**To do**
Only the lines from the one containing "Aphmau online dog plush" through the last line of the material should be copied, exactly as written and without pictures.

----- Data below

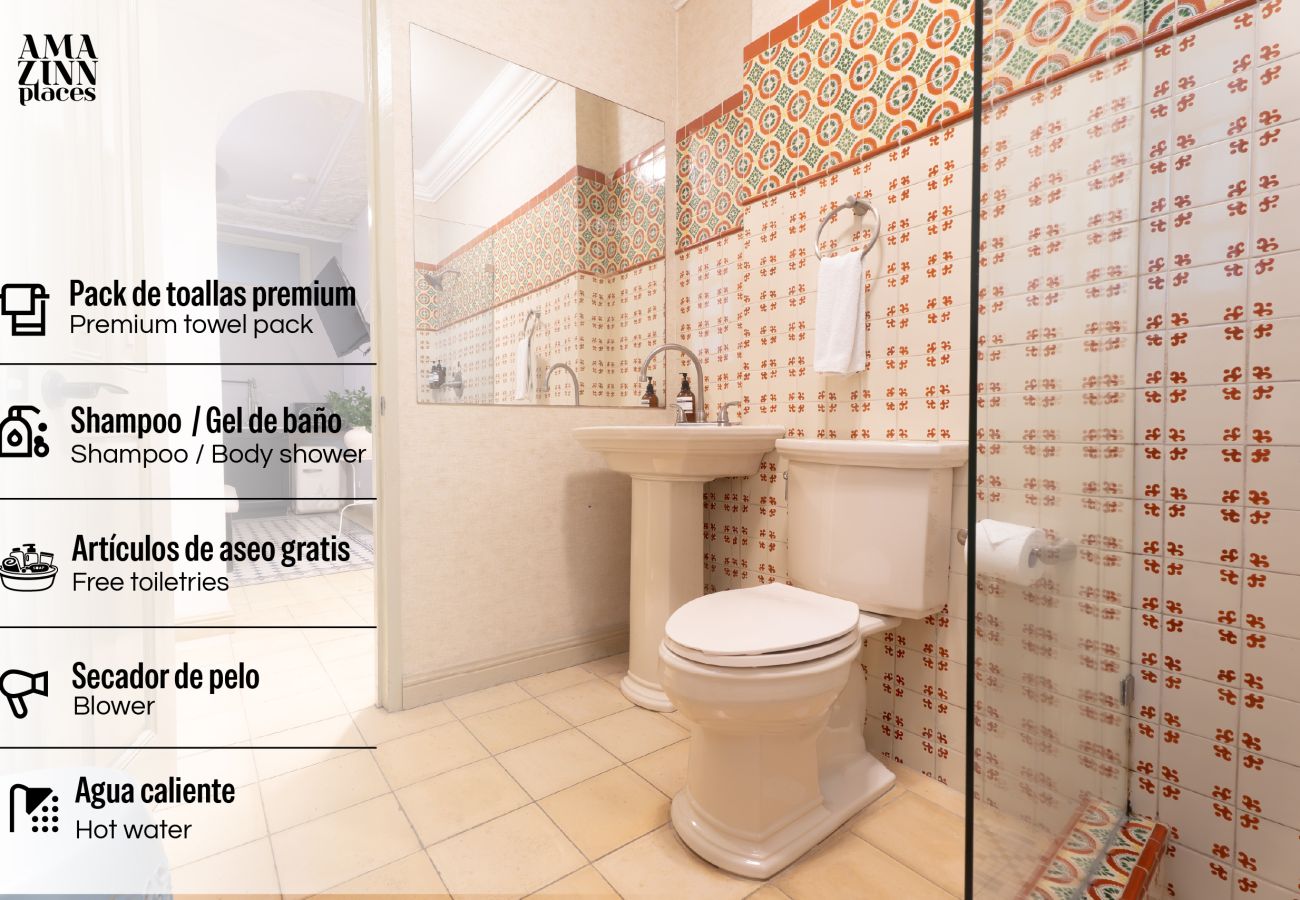 Estudio en Ciudad de Panamá - Precioso apartamento con estilo en Casco Viejo P2 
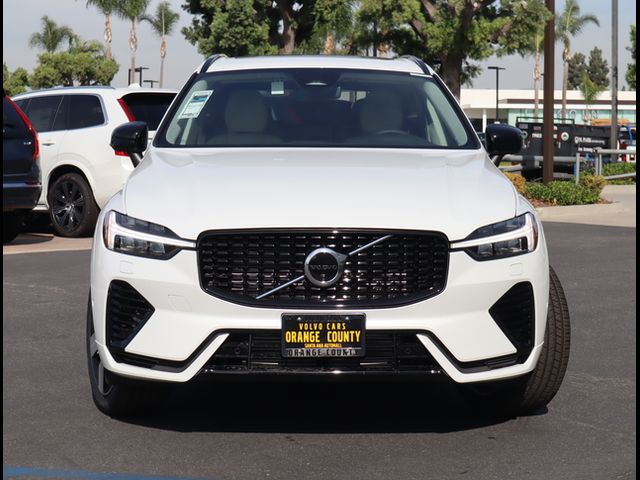 2025 Volvo XC60 Plug-In Hybrid Plus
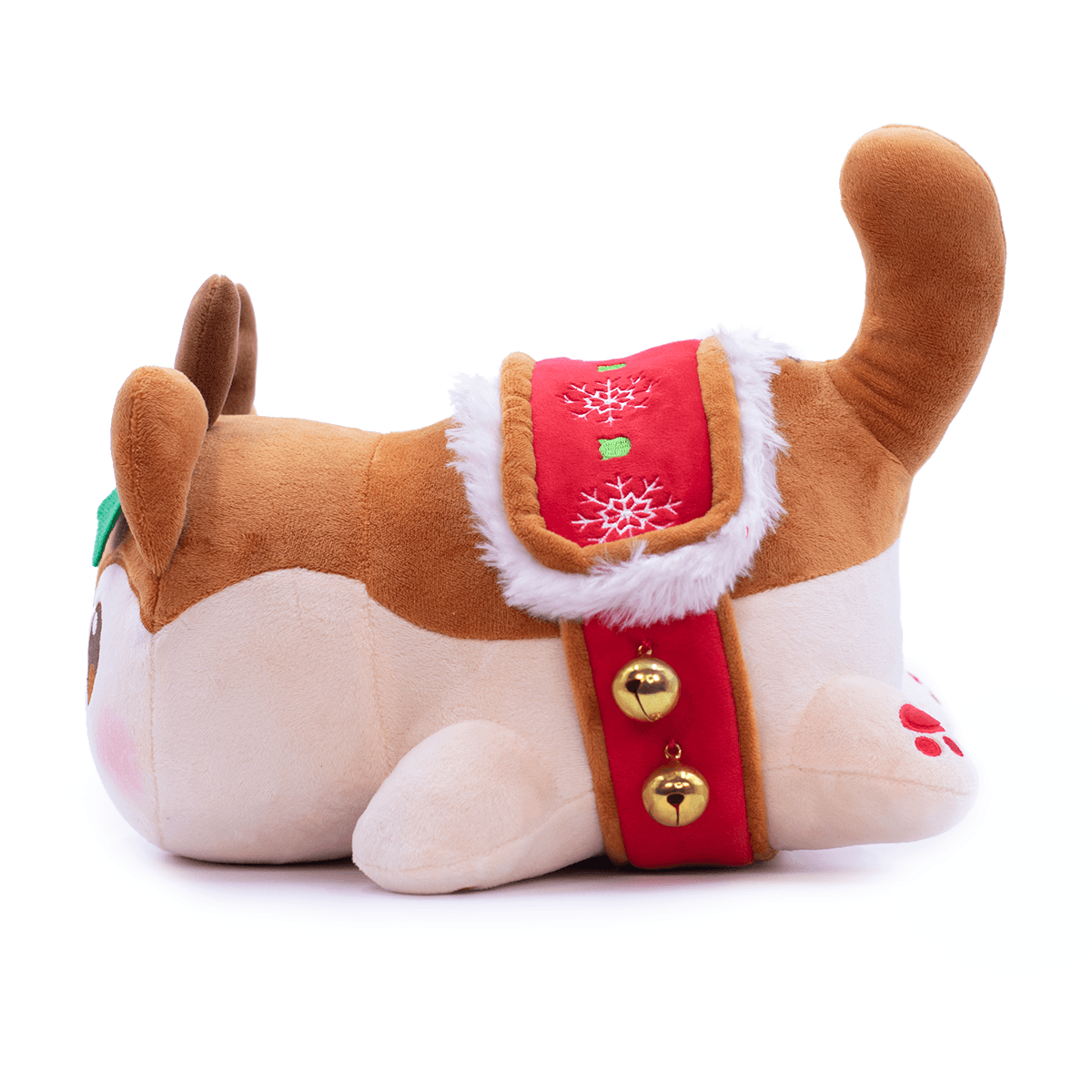Aphmau online dog plush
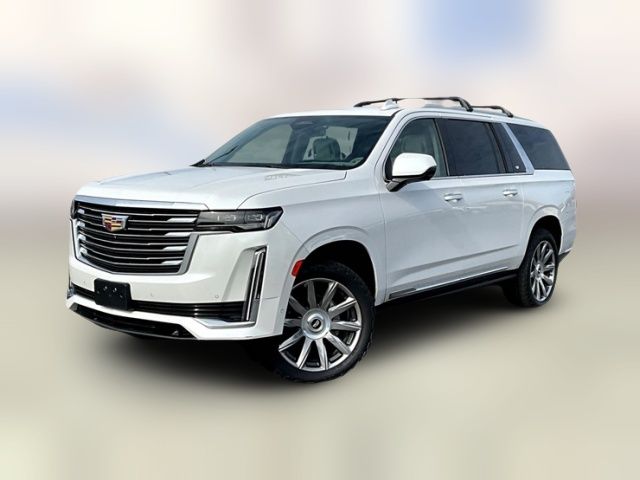 2022 Cadillac Escalade ESV Premium Luxury Platinum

----------

**Solution to the problem**
Aphmau online dog plush
 2022 Cadillac Escalade ESV Premium Luxury Platinum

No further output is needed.